In the near future, LLMs will be widely available for local use or via inexpensive cloud services. The challenge lies in the ability of these LLMs to interact with and process the vast amounts of data being created constantly. Presently, the internet caters to human users with UIs and search engine optimization for bots, but lacks the infrastructure for efficient AI operations which require embeddings and vector databases for computation.

Shinkai is poised to fill this gap, establishing an off-chain peer-to-peer messaging network that connects LLMs like ChatGPT with up-to-date knowledge, access to private information, privacy, and personal control. The current AI systems often fail to access current information due to reliance on top search engine results, which can be outdated. Moreover, platforms like ChatGPT are not configured to perform personalized tasks based on highly sensitive data such as bank accounts, crypto access, emails, and medical records, due to the inherent risks and legal liabilities involved.

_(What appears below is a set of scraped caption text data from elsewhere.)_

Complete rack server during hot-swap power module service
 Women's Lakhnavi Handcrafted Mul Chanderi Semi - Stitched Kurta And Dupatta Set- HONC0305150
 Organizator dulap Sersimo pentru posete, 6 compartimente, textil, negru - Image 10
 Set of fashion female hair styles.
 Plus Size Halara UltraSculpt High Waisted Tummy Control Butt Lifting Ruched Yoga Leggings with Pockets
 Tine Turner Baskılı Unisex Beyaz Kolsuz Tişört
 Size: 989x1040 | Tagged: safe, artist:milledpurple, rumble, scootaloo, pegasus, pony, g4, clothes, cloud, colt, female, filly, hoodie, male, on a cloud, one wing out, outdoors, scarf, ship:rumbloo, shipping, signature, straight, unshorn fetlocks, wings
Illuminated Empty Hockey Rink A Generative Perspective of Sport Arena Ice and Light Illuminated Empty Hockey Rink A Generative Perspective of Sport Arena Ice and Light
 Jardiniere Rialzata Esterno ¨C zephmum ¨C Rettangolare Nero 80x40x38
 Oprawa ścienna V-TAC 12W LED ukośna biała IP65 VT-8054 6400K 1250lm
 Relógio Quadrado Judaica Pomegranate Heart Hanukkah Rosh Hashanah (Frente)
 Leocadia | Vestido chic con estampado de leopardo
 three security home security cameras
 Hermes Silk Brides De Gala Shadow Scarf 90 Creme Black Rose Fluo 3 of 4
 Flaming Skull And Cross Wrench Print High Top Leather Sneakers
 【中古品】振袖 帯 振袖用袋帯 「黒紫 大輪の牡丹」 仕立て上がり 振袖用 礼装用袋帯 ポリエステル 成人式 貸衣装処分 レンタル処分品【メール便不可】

Shinkai, on the other hand, seeks to strike the right balance by connecting LLMs to a decentralized AI network that offers instant access to the latest data (embeddings) from the web. It provides a solution that runs on users' computers, granting them full control over their digital lives without compromising their data privacy. Shinkai's approach is made possible by creating a new filesystem for AI embeddings, a decentralized network of nodes providing AI data, and a zero-knowledge multi-party computation (MPC) protocol to validate data sources. This ensures that data remains confidential and under the user's control while allowing for the expansion of the AI's knowledge and skills through subscriptions to nodes within the Shinkai Data AI Network.

Furthermore, Shinkai differentiates itself by not just aiming to be a better search engine but a personal system that offers tools for performing tasks. It enables LLMs to perform complex tasks by using external tools to interact with the computing stack, such as services, APIs, web search, etc. By taking lessons from programming theory, Shinkai introduces typed tools with interactive plan generation, unlocking advanced multi-step capabilities—for instance, creating a report on the last six months of discussions with a partner from all Slack, Discord, and email communications.

In essence, Shinkai offers a comprehensive and private AI system that empowers users to harness AI for a wide range of real-time applications, transcending the limitations of current AI platforms. It leverages cryptographic protocols optimized for practical use, ensuring a secure, efficient, and user-centric AI experience that aligns with the needs of the modern digital landscape.